Welchen Beitrag kann die Sozialpartnerschaft dazu leisten?

Michael Vassiliadis: Sozialpartnerschaft braucht soziale Marktwirtschaft und umgekehrt. Die Sozialpartnerschaft ist eine wichtige Grundlage, um die großen Zukunftsfragen gestalten zu können. Dazu gehören globale Fairness, Beteiligung und Teilhabe der Beschäftigten, Umwelt- und Ressourcenschonung. Selbstverständlich gehört dazu auch, Voraussetzungen zu schaffen, dass die ­deutschen Unternehmen im internationalen Wettbewerb auch künftig erfolgreich sein können.

Eine aktuelle Studie der Universität Witten/Herdecke im Auftrag der Chemie-Stiftung Sozialpartner Akademie befasst sich mit der Leistungsfähigkeit der Sozialpartnerschaft. Mit welchem Ergebnis?

Michael Vassiliadis: Die Studie ist ein eindrucksvoller Beleg für den erfolgreichen sozialpartnerschaftlichen Weg in der chemischen Industrie. Wir haben die schwerste Wirtschaftskrise in der Nachkriegszeit schnell und gut gemeistert und schon früh die Weichen für einen neuen Aufschwung gestellt. Das belegt eindrucksvoll: Sozialpartnerschaft ist kein Schönwettermodell, sie trägt auch in der Krise.

Gilt das auch für die Mitbestimmung?

Michael Vassiliadis: Die Studie belegt, dass die Mitbestimmung in Deutschland keine ökonomischen Nachteile bewirkt, sondern im Gegenteil zum Unternehmenserfolg beiträgt. Mitbestimmung ist ein Standortvorteil, sie gehört zur Kultur unseres Landes. Wer vor allem an schnellen Entscheidungsprozessen interessiert ist, mag möglicherweise woanders besser aufgehoben sein. Wer jedoch strategisch denkt, langfristig Innovationspotentiale nutzen will und auf Nachhaltigkeit setzt, wird in Deutschland investieren.

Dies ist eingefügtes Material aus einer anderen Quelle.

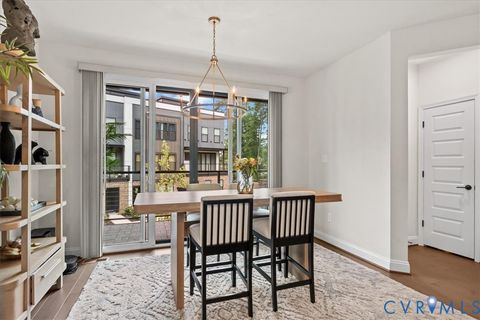 Tiny photo for 4346 Dominion Forest Circle, Glen Allen, VA 23060 (MLS # 2616469)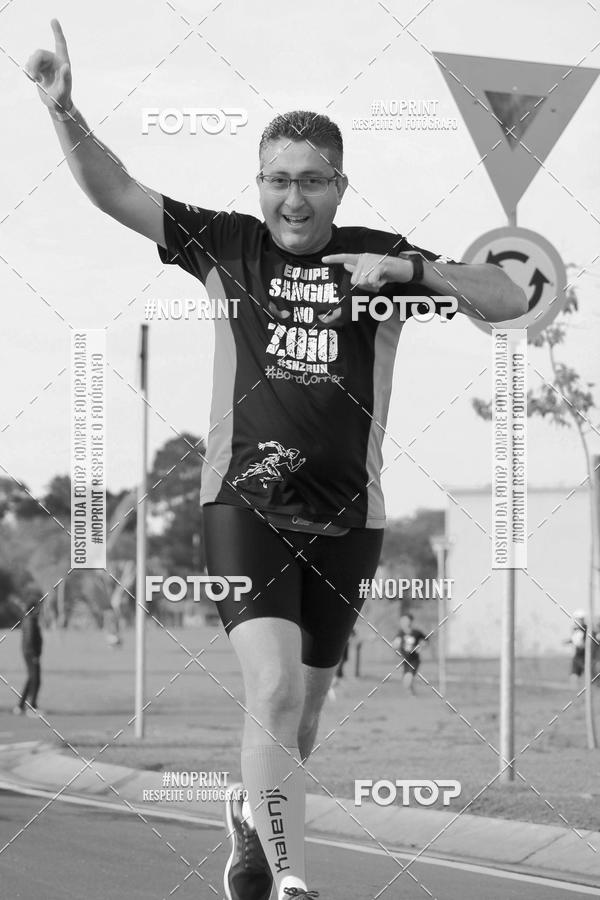 Buy your photos of the eventTreino Especial Galera do Pace  on Fotop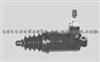 BRAKE CYLINDER FOR VW 4A0 721 261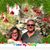 Ronda Nevels Hastings's profile image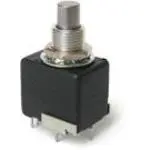 ENA1D-B20-L00100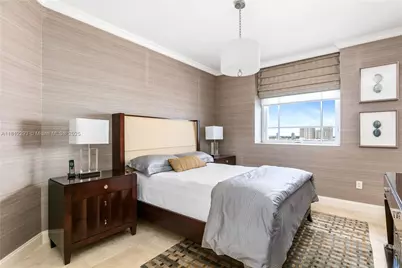 [Address not provided], Sunny Isles Beach, FL 33160 - Photo 26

Welche Rolle spielt dabei der Wittenberg-Prozess bei der Sozialpartnerschaft?

Michael Vassiliadis: Der Wittenberg-Prozess ist ein offener und freiwilliger Dialog, bei dem die Chemie-Sozialpartner gemeinsam Maßstäbe für ein werteorientiertes Handeln definieren. Die Ergebnisse der ersten fünf Workshops zu den Themen unternehmerischer Erfolg, gute Arbeit, Nachhaltigkeit, Globalisierung und Qualifikation wurden im Jahr 2008 in Leitlinien für „Verantwortliches Handeln in der Sozialen Marktwirtschaft" zusammengefasst. Diese Ergebnisse müssen nun auch die Praxis in den Betrieben prägen. Aber es geht bei Wittenberg nicht nur um vorzeigbare Ergebnisse, sondern auch den Prozess an sich.

Können Sie diesen näher beschreiben?

Michael Vassiliadis: Beim Wittenberg-Prozess stellen Arbeitnehmer und Arbeitgeber die Gemeinsamkeiten und nicht die Gegensätze in den Vordergrund. Dazu müssen zunächst überkommene Gewohnheiten infrage gestellt werden. Die Dialogpartner müssen vom Problemmodus in einen Denkmodus schalten. Das gelingt meist schon über die richtige Fragestellung: Statt darüber zu diskutieren, ob es genügend gute Arbeit gibt, wird gemeinsam darüber nachgedacht, was die Voraussetzungen für gute Arbeit sind. Gemeinsam über das Ziel in der Zukunft nachzudenken und sich dann den Freiraum zu schaffen, rückwärts zu gehen in die Gegenwart, das ist eine völlig neue Qualität der Sozialpartnerschaft.